Friday, May 12, 2006


Thank You For Smoking

Wednesday night some of us went to go see Thank You For Smoking. Good movie. I enjoyed the characters, the general humor, and the lasting impression of individual liberty and choice.

There was an interesting moral dilemma created from his job as a Big Tobacco lobbyist and his participation in the life of his son. Read Jenna's review in the next CJ to find out more.

Essentially, the moral of the story is to argue more often cause you can never be wrong if you do it right. Question everything and think for yourself!

Here are some good lines:

Nick Naylor: Michael Jordan plays ball. Charles Manson kills people. I talk.

Nick Naylor: You know the guy who can pick up any girl? I'm him on crack.

Nick Naylor: I have a bachelor's in kicking ass and taking names.

Yah, I loved that line about a bachelor's in kicking ass and taking names.

But I wonder why they never actually showed Nick smoking a cigarette.

I was actually a little shocked when they told him to quit smoking because I didn't realize he was.
There was the one scene when he was out of cigarettes. I think that was the only hint that he smoked.

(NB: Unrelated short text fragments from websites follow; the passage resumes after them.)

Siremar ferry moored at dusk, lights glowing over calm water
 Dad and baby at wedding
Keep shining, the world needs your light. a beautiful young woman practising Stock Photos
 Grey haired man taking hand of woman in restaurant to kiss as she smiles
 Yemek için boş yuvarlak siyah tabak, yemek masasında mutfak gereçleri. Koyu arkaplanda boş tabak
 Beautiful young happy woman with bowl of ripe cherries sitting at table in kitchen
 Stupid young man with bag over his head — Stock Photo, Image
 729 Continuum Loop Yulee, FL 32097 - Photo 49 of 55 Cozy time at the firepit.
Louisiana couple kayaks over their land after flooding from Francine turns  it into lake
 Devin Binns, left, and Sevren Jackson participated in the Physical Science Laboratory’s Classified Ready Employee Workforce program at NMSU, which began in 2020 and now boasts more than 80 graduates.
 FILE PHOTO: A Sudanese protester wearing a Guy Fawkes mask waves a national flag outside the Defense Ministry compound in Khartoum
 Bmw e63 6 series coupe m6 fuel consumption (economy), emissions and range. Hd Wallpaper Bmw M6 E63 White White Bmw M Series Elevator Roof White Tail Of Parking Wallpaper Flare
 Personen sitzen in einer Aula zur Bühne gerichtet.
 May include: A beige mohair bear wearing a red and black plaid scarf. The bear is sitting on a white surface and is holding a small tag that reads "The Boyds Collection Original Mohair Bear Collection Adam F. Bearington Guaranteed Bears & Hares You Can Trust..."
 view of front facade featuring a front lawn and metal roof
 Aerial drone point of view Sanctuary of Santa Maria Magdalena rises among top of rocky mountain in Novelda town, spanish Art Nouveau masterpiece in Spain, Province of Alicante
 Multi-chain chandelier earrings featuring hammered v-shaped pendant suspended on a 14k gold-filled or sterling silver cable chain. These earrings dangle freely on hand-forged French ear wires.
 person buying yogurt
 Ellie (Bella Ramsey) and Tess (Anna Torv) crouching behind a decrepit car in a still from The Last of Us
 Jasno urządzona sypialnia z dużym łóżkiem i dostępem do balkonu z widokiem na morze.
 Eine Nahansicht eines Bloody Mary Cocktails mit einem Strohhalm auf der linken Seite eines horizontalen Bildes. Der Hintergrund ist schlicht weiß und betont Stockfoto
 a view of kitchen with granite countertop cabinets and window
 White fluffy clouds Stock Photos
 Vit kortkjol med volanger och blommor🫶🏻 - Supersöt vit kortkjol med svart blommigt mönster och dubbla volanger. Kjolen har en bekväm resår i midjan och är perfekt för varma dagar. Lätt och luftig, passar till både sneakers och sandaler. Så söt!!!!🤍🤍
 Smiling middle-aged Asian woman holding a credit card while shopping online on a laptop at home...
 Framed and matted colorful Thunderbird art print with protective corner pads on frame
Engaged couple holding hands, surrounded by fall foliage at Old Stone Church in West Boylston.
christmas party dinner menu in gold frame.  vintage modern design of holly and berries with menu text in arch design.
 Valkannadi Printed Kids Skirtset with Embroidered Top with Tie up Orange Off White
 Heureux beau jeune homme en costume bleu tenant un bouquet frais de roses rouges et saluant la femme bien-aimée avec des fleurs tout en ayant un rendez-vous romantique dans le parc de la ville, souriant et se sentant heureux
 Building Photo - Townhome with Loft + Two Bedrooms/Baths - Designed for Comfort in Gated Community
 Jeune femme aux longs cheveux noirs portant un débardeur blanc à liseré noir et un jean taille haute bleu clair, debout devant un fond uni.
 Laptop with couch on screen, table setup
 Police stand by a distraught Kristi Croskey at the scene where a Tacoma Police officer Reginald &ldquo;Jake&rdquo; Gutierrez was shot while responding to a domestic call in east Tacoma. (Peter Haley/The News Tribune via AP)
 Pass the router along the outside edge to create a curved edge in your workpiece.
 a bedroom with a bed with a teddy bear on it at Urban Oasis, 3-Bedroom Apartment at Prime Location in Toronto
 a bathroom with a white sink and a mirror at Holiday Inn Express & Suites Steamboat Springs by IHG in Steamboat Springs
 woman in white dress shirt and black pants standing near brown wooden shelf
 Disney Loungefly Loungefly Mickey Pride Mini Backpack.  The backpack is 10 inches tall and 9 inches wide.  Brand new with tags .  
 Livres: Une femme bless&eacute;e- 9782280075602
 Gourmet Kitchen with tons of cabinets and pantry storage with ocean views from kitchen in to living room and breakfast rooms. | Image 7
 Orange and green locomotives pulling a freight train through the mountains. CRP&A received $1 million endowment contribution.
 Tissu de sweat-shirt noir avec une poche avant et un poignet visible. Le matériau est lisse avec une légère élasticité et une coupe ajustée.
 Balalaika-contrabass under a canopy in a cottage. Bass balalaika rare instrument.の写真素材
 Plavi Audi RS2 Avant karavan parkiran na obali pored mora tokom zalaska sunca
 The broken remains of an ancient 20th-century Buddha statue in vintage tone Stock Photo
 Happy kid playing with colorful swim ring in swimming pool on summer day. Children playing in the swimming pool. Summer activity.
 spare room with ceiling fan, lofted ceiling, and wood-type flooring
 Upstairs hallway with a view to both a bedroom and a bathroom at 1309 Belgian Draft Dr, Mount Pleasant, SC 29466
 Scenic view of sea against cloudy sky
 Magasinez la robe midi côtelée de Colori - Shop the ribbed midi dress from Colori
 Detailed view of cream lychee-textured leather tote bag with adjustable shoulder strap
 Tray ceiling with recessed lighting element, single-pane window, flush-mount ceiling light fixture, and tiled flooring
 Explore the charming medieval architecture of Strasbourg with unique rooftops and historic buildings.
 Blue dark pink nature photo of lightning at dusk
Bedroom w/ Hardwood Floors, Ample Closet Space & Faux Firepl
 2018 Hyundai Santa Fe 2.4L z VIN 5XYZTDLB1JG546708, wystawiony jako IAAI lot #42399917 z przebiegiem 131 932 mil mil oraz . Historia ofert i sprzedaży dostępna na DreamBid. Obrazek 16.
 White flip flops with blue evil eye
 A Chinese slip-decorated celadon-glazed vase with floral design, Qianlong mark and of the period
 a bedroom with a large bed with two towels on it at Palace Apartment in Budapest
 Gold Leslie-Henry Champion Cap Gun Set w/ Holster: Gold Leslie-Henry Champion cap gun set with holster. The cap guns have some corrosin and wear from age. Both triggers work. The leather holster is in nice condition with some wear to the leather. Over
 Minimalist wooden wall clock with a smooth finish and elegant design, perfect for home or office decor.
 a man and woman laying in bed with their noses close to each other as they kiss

Also, mt review for CJ probably won't be out for a long while, and will likely only appear in the print edition. So, I'll post it here later today. (Not that anyone on this Blog hasn't already seen the movie.)
When he was sitting in his apartment and his son was doing his homework and wanted to stay up all night (what makes American government so great), he looked into the pack of cigarettes and it was empty -- then John Wayne got shot!
I actually thought that a smoking gum pack. I couldn't really tell.

They should have shown him and Nick Jr. liting up.
My review for CJ.

Thank You For Smoking
Directed by: Jason Reitman
MPAA: Rated R for language and some sexual content.

Thank You For Smoking follows the intrigues of Big Tobacco's chief spokesman, Nick Naylor (Aaron Eckhart), who lobbies on behalf of cigarettes while trying to remain a role model for his twelve-year-old son. As the challenger in modern society’s War on Vice, Naylor proves a hilarious – and effective – spokesman.

In this film, based on Chris Buckley’s novel by the same name, director Jason Reitman tackles Capitol Hill, Hollywood, corporate America and the media, an ambitious task for his debut movie. Surviving the onslaught are the ideas of personal responsibility, morality and individual freedom. Says Reitman, “I consider myself a fairly libertarian person, someone who doesn't like being told what to do. The idea that Nick Naylor stood not for cigarettes but for the right to smoke made sense to me, even though I'm not a smoker.”

Despite his philosophical leanings, Reitman keeps his message understated. And because Thank You for Smoking pokes fun at everyone, viewers on both sides of the political aisle will enjoy this quirky, gritty look at power politics and morality in America.
Nice review, Jenna.
Yes, very good.

You could have made that its own post if you wanted.